Quedó Lope en su casa, despidióse el secretario Prado y nos atardeció a los demás, Lopito incluido, en la taberna de Juan Lepre, esquina a la calle del Lobo con Huertas, estrujando un pellejo de vino de Lucena. Fue animada parla aquella, con el capitán don Alonso de Contreras, que era en extremo simpático, tragafuegos y hablador, contando episodios de su vida militar y la de mi amo, incluido lo de Nápoles en el año quince, cuando, después de que éste despachase a un hombre en duelo por causa de una mujer, fue el mismo Contreras quien lo ayudó a precaverse de la justicia y regresar a España.
– Tampoco la dama salió bien parada del lance -añadió, riendo-. Diego le dejó una linda marca en la cara como recuerdo… Y por vida del rey, que la daifa merecía eso y más.
– Conozco a muchas -remachó Quevedo, misógino como siempre- que lo merecen.
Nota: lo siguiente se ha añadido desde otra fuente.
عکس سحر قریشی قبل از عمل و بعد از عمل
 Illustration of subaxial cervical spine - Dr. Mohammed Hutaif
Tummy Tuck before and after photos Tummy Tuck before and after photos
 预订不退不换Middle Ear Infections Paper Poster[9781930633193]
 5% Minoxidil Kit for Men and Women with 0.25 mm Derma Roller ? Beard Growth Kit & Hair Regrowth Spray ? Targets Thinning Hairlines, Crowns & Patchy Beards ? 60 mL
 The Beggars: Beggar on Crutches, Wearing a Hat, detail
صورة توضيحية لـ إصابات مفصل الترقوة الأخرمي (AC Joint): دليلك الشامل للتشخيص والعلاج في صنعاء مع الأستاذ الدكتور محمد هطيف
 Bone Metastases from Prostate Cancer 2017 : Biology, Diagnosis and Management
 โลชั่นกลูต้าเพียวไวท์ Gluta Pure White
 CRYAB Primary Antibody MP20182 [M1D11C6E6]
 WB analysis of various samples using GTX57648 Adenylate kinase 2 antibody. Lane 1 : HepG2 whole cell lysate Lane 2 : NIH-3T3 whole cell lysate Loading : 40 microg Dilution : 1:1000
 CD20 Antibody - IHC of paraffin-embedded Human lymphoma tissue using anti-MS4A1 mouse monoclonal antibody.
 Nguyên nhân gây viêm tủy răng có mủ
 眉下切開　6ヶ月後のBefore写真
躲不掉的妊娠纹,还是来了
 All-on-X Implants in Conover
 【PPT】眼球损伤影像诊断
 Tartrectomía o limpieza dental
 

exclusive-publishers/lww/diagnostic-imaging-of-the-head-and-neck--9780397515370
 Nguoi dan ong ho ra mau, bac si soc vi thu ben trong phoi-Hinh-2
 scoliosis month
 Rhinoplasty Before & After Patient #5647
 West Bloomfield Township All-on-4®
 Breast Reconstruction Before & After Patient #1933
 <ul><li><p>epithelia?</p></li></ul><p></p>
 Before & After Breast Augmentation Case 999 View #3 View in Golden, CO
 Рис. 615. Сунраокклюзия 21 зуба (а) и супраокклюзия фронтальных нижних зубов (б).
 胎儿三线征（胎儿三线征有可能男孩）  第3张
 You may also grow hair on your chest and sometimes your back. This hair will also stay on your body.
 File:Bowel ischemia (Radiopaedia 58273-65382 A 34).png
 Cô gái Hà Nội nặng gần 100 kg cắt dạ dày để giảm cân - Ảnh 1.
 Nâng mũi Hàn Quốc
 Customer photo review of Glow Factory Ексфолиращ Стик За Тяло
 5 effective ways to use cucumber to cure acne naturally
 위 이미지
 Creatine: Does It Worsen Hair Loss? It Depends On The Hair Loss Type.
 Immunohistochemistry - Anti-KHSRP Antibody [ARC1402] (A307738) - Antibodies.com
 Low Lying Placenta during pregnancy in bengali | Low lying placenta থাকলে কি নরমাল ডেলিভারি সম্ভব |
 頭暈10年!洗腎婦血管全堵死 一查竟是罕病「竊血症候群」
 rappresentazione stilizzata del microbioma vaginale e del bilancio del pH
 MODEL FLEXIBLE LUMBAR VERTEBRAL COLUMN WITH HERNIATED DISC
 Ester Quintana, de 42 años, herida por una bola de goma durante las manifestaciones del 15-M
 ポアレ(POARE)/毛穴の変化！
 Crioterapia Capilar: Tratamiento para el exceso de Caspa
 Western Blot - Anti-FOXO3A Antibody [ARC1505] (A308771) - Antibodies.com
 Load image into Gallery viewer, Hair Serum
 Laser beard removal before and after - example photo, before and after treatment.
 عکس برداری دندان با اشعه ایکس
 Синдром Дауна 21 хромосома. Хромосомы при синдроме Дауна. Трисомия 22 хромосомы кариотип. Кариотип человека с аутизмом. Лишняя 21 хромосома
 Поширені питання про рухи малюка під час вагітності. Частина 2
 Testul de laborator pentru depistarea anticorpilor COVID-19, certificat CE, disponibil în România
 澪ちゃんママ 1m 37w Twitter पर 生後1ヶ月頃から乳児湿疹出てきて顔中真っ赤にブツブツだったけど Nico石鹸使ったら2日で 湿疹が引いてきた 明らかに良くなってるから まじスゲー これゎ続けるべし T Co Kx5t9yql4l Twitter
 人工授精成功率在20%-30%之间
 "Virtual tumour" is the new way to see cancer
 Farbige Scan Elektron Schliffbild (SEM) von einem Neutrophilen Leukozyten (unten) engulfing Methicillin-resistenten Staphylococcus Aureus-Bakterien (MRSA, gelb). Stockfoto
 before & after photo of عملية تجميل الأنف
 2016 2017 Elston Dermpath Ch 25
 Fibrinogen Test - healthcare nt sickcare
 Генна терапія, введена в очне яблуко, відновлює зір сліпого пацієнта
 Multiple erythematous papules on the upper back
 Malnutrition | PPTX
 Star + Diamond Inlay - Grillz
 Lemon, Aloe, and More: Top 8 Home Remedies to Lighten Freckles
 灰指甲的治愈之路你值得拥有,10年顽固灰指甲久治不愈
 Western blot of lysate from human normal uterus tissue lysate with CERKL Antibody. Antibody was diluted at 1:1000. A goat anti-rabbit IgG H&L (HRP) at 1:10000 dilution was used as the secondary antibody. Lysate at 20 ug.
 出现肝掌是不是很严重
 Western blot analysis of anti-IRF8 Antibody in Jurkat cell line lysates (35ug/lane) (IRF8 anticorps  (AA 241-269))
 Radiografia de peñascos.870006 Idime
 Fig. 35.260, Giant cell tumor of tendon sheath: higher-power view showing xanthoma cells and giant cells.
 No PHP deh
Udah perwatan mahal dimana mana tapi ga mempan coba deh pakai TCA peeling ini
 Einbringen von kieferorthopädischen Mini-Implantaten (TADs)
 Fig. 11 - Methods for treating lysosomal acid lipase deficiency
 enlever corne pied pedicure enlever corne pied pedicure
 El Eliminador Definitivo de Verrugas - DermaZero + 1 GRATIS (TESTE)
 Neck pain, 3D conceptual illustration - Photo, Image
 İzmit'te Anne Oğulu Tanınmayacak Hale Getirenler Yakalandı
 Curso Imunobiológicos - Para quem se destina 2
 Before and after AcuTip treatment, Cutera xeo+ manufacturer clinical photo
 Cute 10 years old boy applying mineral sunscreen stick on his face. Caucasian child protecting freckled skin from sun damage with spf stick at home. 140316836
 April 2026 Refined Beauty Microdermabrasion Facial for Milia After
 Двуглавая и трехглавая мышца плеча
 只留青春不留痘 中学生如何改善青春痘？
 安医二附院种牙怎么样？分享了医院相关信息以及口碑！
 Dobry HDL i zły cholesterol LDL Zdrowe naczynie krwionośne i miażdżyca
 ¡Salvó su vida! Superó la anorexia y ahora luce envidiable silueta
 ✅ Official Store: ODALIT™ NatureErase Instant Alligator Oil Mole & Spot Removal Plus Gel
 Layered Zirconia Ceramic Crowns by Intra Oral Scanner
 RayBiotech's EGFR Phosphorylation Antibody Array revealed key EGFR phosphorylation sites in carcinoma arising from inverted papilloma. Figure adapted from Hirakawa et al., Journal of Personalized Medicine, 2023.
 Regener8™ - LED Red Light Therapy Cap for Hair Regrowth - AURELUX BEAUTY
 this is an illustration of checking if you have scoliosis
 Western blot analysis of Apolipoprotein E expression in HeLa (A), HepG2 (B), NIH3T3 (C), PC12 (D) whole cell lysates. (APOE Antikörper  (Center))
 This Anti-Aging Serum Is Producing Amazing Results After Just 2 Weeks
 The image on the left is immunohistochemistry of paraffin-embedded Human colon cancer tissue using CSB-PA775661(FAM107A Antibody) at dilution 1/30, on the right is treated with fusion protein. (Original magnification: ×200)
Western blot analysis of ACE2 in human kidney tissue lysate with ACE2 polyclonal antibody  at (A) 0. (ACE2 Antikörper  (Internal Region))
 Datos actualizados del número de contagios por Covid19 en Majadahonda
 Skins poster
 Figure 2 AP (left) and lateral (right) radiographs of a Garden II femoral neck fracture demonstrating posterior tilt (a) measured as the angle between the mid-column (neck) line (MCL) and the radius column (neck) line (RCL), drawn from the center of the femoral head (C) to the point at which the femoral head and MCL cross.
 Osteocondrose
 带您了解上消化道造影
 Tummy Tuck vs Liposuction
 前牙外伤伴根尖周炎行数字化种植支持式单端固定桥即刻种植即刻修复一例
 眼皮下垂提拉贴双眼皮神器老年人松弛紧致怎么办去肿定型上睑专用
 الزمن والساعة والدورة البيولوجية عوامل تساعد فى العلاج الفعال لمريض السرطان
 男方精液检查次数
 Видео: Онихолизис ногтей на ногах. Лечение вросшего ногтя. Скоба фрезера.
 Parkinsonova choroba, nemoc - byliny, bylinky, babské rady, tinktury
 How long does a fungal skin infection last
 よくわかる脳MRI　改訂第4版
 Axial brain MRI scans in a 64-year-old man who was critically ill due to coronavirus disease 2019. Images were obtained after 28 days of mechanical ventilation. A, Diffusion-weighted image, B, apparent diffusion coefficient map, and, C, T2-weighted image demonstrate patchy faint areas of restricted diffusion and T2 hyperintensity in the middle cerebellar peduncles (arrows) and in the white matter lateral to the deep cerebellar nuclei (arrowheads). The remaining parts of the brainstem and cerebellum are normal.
Y nos regaló, al filo del concepto, unos versos repentizados allí mismo:
Yo observaba a mi amo, incapaz de imaginarlo acuchillando el rostro de una mujer. Pero éste permanecía inexpresivo, inclinado sobre la mesa, los ojos fijos en el vino de su jarra. Don Francisco sorprendió mi mirada, echó un vistazo de soslayo a Alatriste y no dijo más. Cuántas cosas que ignoro, me interrogué de pronto, habrá tras esos silencios. Y como cada vez que vislumbraba la condición oscura del capitán, me estremecí en los adentros. Nunca es grato ganar en años y lucidez, y penetrar así en los rincones ocultos de tus héroes. En lo que se refiere a Diego Alatriste, a medida que pasaba el tiempo y mis ojos se hacían más despiertos, yo veía cosas que habría preferido no ver.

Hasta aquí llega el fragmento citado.